Entries taken from a collection
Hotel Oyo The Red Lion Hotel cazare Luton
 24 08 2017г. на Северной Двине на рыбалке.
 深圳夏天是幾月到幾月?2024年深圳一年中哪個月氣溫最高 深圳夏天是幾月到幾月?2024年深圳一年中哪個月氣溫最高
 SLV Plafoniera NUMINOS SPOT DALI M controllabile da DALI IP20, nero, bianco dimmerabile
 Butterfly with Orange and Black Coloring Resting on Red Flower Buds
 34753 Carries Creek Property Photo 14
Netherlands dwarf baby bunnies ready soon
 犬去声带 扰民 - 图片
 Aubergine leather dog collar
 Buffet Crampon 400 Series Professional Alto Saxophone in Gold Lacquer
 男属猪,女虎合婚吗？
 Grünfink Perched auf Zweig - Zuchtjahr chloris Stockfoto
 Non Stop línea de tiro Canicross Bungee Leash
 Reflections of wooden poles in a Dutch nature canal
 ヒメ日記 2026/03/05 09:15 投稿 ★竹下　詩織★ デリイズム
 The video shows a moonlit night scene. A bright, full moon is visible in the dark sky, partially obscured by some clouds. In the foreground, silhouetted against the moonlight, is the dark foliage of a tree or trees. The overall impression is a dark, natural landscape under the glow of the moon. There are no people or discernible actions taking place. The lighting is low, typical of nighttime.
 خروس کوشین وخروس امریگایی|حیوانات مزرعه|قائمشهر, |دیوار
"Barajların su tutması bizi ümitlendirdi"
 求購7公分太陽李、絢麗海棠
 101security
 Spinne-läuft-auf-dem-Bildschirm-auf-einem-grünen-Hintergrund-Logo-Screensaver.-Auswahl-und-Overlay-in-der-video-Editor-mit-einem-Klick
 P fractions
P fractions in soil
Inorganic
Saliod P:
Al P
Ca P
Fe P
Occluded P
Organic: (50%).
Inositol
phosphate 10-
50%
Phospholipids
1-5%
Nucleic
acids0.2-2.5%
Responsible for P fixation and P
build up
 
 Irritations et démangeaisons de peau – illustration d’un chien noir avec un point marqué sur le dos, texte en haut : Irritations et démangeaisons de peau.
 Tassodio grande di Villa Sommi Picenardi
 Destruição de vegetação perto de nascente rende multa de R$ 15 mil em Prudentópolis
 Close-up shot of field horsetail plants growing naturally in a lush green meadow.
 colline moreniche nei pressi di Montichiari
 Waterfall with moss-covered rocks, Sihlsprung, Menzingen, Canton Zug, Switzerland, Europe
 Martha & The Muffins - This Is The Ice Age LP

Activity: Scan the lines above for the word "with". Return each one that has it.

Answer area:
 Butterfly with Orange and Black Coloring Resting on Red Flower Buds
 Waterfall with moss-covered rocks, Sihlsprung, Menzingen, Canton Zug, Switzerland, Europe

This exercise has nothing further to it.